The part of my service that I’m most proud of was approaching the job in a way that invited my constituents into the process of governing, trying to make government into more of a partner for solving problems rather than only a regulator or service provider.
Back to School
While in the legislature, I enrolled in a Ph.D. program in Conservation Sciences at the University of Minnesota. While I originally planned to study pollination in apple orchards for my dissertation, I again asked myself an important question – what is important to understand deeply for this time?
My answer was how to create change – more specifically, how do people drive the kinds of transformational change needed to achieve sustainability in the face of major environmental change?

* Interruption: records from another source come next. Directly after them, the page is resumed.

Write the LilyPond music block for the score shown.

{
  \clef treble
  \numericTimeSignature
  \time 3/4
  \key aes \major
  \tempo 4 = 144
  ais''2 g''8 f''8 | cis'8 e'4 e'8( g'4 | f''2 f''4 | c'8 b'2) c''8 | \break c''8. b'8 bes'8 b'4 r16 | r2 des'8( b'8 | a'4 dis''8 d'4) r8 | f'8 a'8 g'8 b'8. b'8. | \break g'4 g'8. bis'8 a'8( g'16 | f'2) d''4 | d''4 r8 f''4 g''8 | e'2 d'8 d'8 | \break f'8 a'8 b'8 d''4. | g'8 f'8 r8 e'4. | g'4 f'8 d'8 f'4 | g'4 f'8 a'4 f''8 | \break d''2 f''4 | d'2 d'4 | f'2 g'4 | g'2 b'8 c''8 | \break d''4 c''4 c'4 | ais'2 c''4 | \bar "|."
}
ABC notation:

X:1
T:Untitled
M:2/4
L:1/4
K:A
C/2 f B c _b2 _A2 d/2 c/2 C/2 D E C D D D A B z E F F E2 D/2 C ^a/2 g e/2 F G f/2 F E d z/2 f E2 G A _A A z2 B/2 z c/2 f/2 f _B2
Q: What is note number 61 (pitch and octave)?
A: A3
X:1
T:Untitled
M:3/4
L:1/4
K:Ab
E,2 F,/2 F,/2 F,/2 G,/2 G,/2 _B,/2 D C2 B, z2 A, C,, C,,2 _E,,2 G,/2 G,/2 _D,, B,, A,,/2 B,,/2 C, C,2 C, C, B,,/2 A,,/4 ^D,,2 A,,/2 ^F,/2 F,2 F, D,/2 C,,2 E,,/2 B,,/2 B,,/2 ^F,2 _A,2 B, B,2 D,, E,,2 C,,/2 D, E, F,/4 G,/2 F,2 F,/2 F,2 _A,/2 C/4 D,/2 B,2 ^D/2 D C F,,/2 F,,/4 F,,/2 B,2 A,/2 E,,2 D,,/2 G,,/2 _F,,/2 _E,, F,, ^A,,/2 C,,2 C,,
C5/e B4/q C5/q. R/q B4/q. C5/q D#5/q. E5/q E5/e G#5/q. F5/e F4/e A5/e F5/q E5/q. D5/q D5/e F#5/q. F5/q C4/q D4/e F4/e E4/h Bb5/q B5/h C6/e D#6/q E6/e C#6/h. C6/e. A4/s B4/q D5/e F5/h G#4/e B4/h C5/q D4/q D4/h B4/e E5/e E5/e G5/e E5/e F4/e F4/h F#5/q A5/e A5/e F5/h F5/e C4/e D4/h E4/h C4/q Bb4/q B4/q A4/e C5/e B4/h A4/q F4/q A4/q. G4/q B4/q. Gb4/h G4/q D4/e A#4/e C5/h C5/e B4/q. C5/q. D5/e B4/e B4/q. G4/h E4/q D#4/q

I completed my dissertation in January 2019.
In 2011, while working on the Ph.D., I started a leadership development program for graduate students at the University of Minnesota’s Institute on the Environment. The goal was to develop the kinds of change agents needed to deal with the complex challenge society faces. Six years later, I saw a tweet about Minneapolis hiring its first Chief Resilience Officer and applied. I got the job and led early development of Minneapolis’ resilience approach and developed community engagement for the program. During this time, I continued in public service with a role in the executive branch of state government as Citizen Member of Minnesota’ Environmental Quality Board. The Board takes on responsibilities on environmental review and cross-agency leadership on environmental issues.
I bring all of these experiences – in public life, government, and academia – to the work here at Democracy and Climate. I hope you enjoy, are challenge by, and learn from what you find on the site.